Exercise description -> Within the listing that follows, reproduce exactly the lines starting at the line with "Fondation dermatite atopique*" and ending at the line with "Polyclonal Rabbit anti-Human", inclusive, and only those. Pictures are dropped.

Dataset entries ->
++++++++++++++++++++

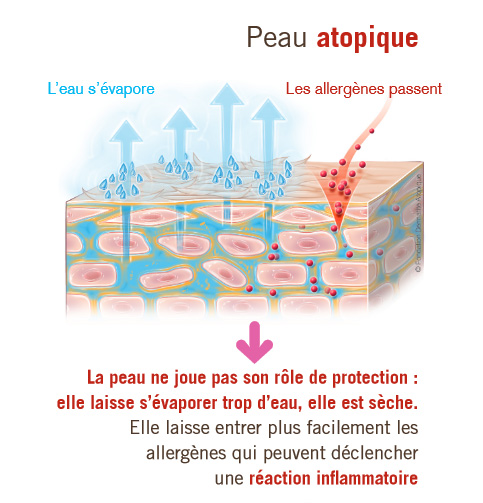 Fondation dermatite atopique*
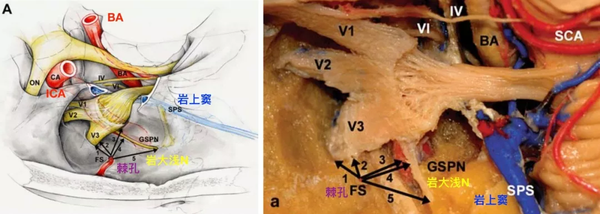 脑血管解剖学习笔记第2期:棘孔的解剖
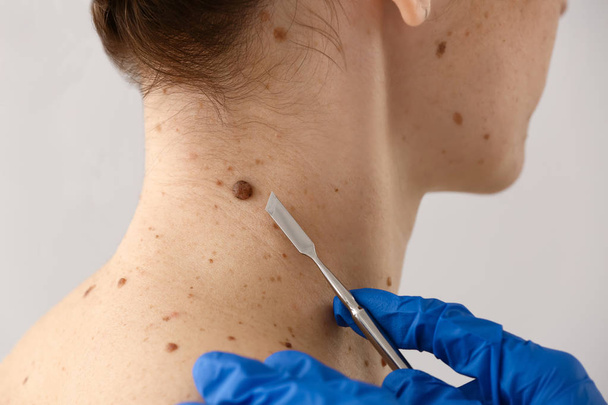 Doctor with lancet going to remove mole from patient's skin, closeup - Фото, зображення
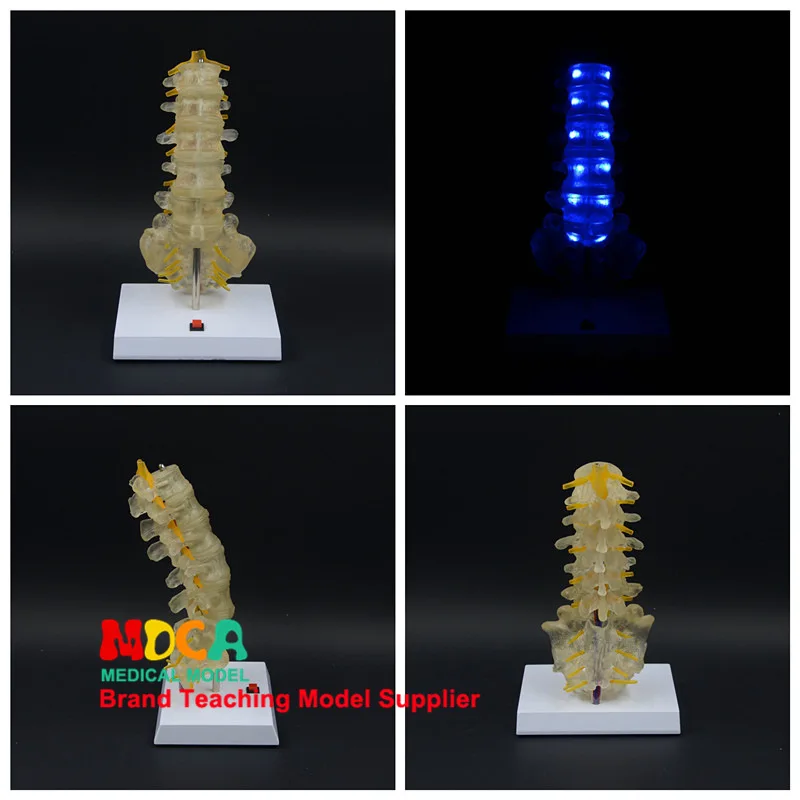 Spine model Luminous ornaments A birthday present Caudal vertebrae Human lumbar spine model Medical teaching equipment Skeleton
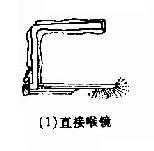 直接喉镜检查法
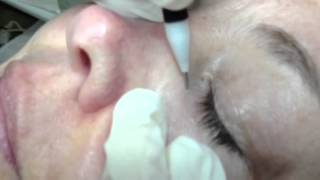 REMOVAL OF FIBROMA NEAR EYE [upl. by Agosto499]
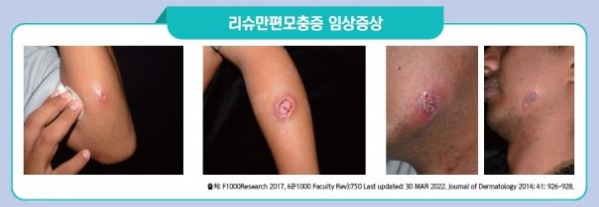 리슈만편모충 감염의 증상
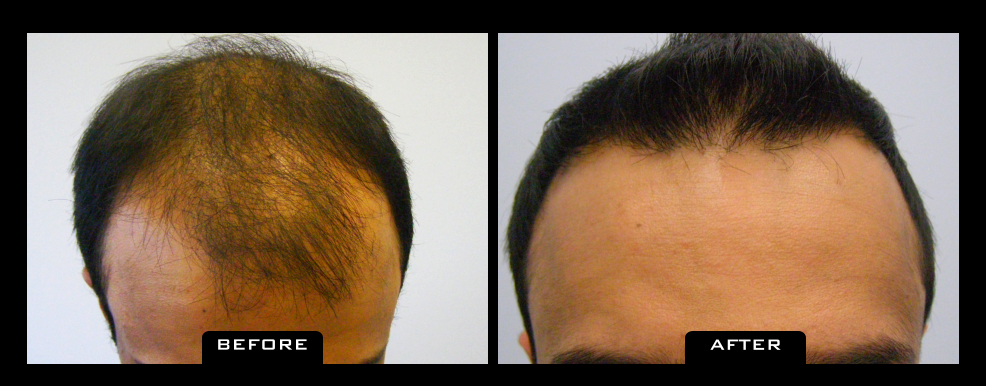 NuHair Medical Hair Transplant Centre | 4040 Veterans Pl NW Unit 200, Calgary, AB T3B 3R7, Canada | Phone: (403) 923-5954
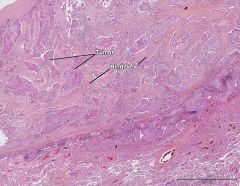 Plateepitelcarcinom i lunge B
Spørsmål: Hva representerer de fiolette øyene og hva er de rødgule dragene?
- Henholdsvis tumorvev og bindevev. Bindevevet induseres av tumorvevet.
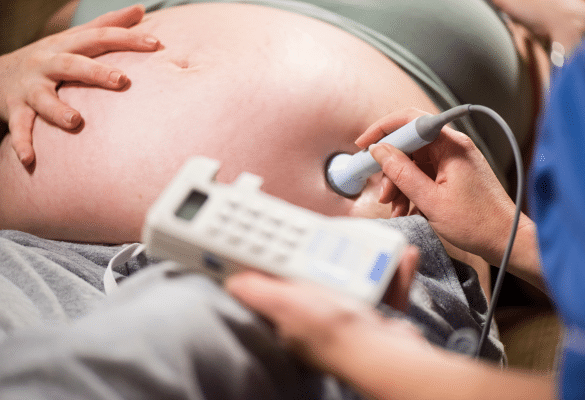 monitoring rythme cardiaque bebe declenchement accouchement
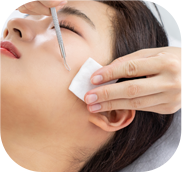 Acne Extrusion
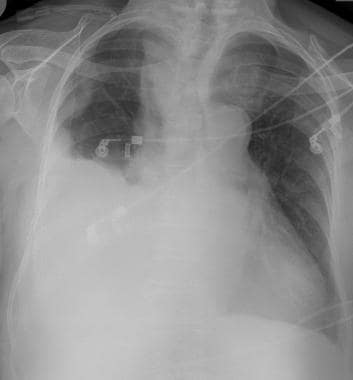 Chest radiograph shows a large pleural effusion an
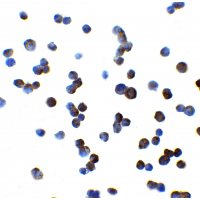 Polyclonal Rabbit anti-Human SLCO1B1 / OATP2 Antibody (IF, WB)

++++++++++++++++++++

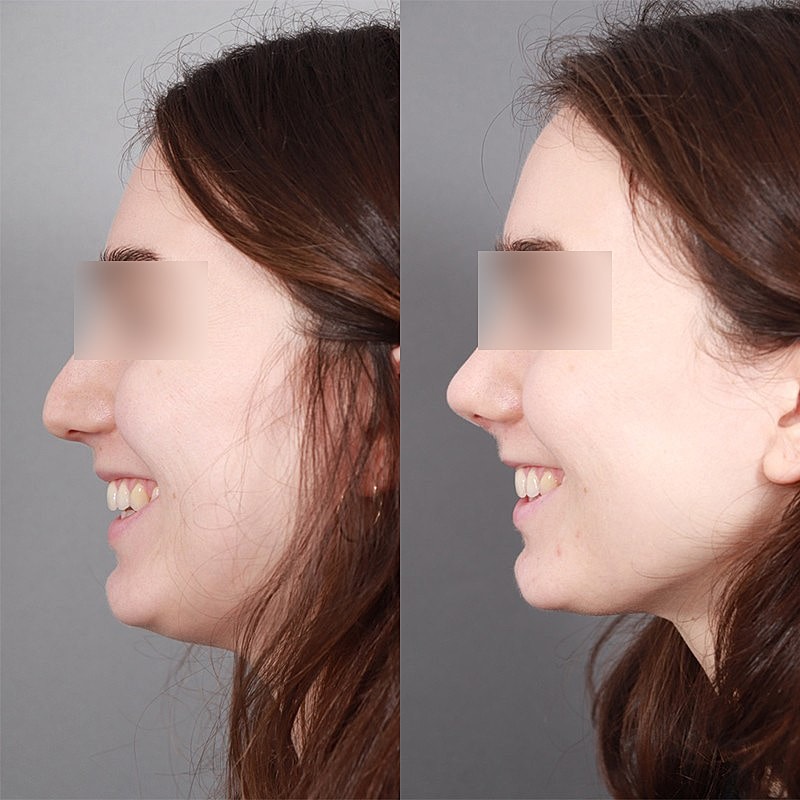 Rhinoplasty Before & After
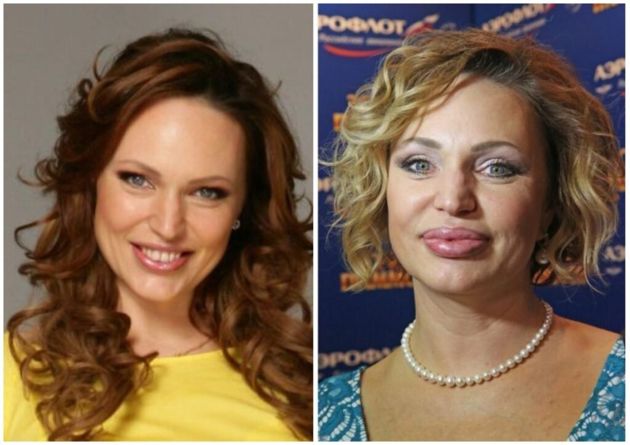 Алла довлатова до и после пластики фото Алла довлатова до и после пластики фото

++++++++++++++++++++

Answer to the problem ->
 Fondation dermatite atopique*
 脑血管解剖学习笔记第2期:棘孔的解剖
 Doctor with lancet going to remove mole from patient's skin, closeup - Фото, зображення
 Spine model Luminous ornaments A birthday present Caudal vertebrae Human lumbar spine model Medical teaching equipment Skeleton
 直接喉镜检查法
 REMOVAL OF FIBROMA NEAR EYE [upl. by Agosto499]
 리슈만편모충 감염의 증상
 NuHair Medical Hair Transplant Centre | 4040 Veterans Pl NW Unit 200, Calgary, AB T3B 3R7, Canada | Phone: (403) 923-5954
 Plateepitelcarcinom i lunge B
Spørsmål: Hva representerer de fiolette øyene og hva er de rødgule dragene?
- Henholdsvis tumorvev og bindevev. Bindevevet induseres av tumorvevet.
 monitoring rythme cardiaque bebe declenchement accouchement
 Acne Extrusion
 Chest radiograph shows a large pleural effusion an
 Polyclonal Rabbit anti-Human SLCO1B1 / OATP2 Antibody (IF, WB)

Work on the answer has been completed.